New St. Pete mayor wants to spend $600m on a new dome where the Rays’ old dome is, calls this “innovation”

Ken Welch, who was elected mayor of St. Petersburg last November, has a long history with the Tampa Bay Rays stadium wars, having previously served on the Pinellas County Commission for 20 years. But as mayor he has a newly prominent soapbox, and he used it this weekend, telling the Tampa Bay Times’ John Romano that he has a solution to the Rays’ attendance woes at Tropicana Field, and that’s to … build a new stadium at Tropicana Field?

“A new, right-sized stadium with the right amenities connected to our downtown — I still would love it to be open-air, but apparently that’s probably not going to happen — can get us where we need to be. I don’t think we need to be a 30,000-attendance per night venue.”…

“(The Braves) have got deals with development rights and commercial space around it, I still have to dig into the details, but that’s what our consultants will do,” Welch said. “Give us the various models we can use — and I’ll just throw a number out — for us to come up with $600 million, half of a $1.2 billion facility.

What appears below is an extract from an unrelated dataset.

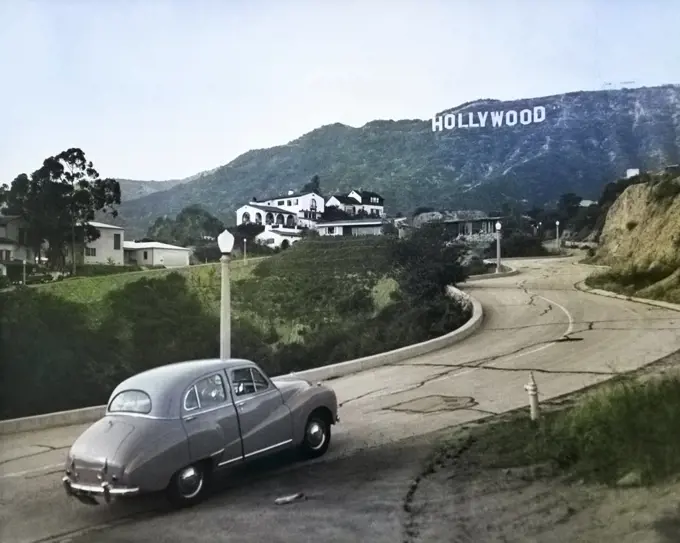 1950s AUSTIN CAR DRIVING UP ROAD IN THE HOLLYWOOD HILLS WITH HOLLYWOOD SIGN IN DISTANCE LOS ANGELES CALIFORNIA USA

“It’s more than a stadium because it will have multiple uses. How does that tie into a conference center and meeting spaces? I just think if we are creative and innovative, we’ve got so many drivers behind us, and the growth is happening, that we can be successful.”…

“There’s a point where it’s too much,” Welch conceded. “But we need first to see what the total price is and what they’ll contribute to it. I’ve always said at least 50/50. And then see what our revenue streams can produce to solve for X. Now we know if we bond a penny of (hotel) bed tax, it’s $200 to $250 million. And we know there’s other mechanisms you can use: development rights, maybe a TIF (tax increment financing), naming rights are in there. We’re solving our half of the equation, and I think we can get there.”

There’s a lot going on there:

  • Welch is willing to pay for half the cost of a new stadium, apparently in exchange for nothing in added lease payments or shared stadium revenues or anything.
  • “Creative”! “Innovative”! “The growth is happening”! Does this sound like leadership yet?

Now, it’s entirely possible that Welch doesn’t actually believe his own PR glurge, and that he’s just trying to talk up the Trop site to Rays owner Stuart Sternberg because it’s a site he controls so he may as well try to promote it, or because he’s hoping to jump-start talks for development of the site if and when the Rays leave, or because he took too many edibles last Wednesday and is still trying to come down. Still, tossing around numbers like $600 million when no other location is actually offering anything yet is an alarming case of bidding against yourself.

It’s also a notable example of mission drift, where the actual problem (Sternberg wants to make more money than the $30-40 million a year in profit he’s currently generating) gets converted into a subtly different one (How do we get the Rays a new stadium?) without anyone questioning whether a new, similar stadium in the exact same location would actually help Sternberg’s bottom line, especially if he had to pay $600 million toward building it. (Without even using naming rights, which Welch suggests would help pay for the city’s costs! Can you even imagine?)

No reply from Sternberg yet on this idea, and I wouldn’t expect one, because savvy negotiators, etc., and even half-baked proposals are more leverage than no proposal at all. Meanwhile, Romano, who previously suggested that Tampa Bay officials needed to spend money on a stadium, stat, because otherwise Portland or Montreal would spend big to lure the Rays away [citation needed], is happy to give Welch all the column inches he wants to pontificate on his big dreams, without asking bothersome questions like “How would this help the Rays’ bottom line?” or “Did you forget to wear a hat out in the sun today?” All is as usual, in other words, which is why this site just celebrated its 24th anniversary; hope your seat is comfortable, because we may be here for a while.